**Task directions**
Restate the records word for word. Include no pictures.

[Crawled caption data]
········

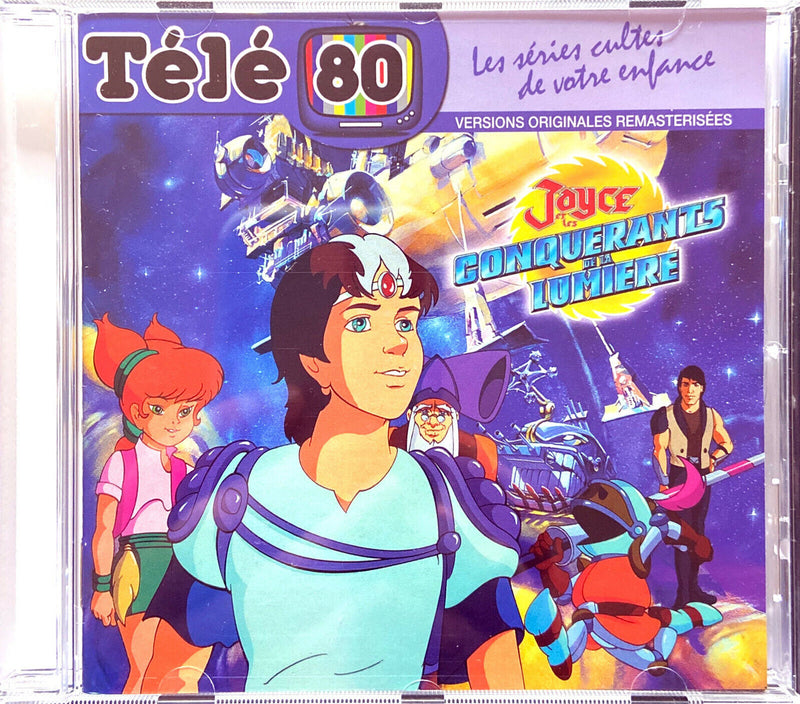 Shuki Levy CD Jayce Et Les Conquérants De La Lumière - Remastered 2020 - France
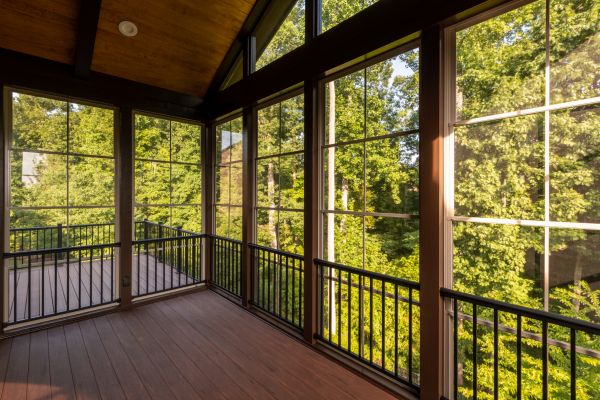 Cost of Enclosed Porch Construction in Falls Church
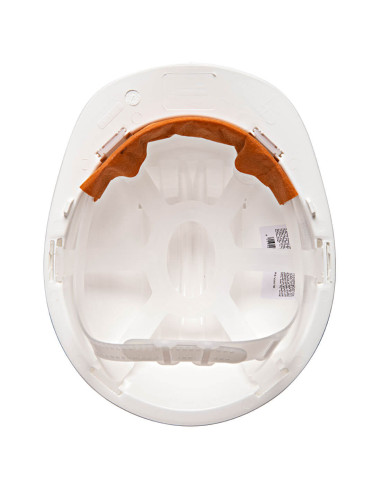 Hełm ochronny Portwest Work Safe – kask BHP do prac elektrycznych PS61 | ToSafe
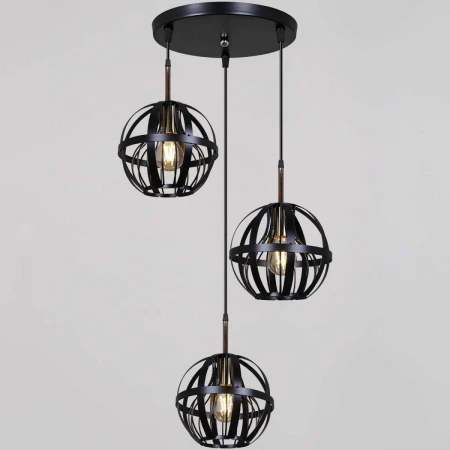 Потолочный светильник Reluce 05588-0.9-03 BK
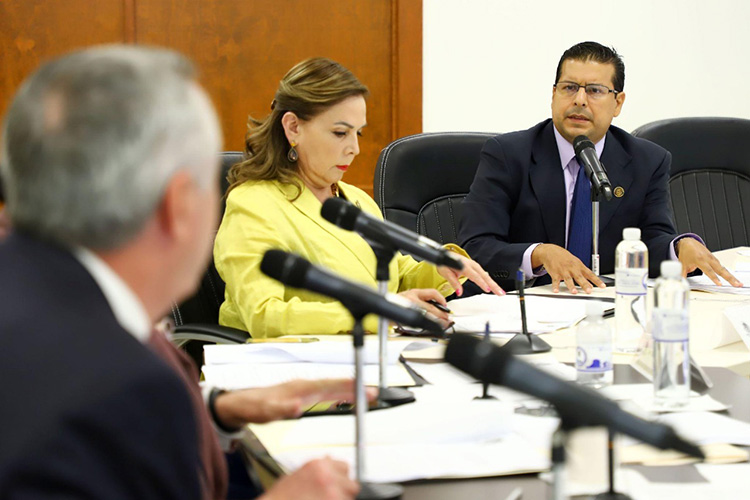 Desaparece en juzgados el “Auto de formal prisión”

········

**Solution to this exercise**
 Shuki Levy CD Jayce Et Les Conquérants De La Lumière - Remastered 2020 - France
 Cost of Enclosed Porch Construction in Falls Church
 Hełm ochronny Portwest Work Safe – kask BHP do prac elektrycznych PS61 | ToSafe
 Потолочный светильник Reluce 05588-0.9-03 BK
 Desaparece en juzgados el “Auto de formal prisión”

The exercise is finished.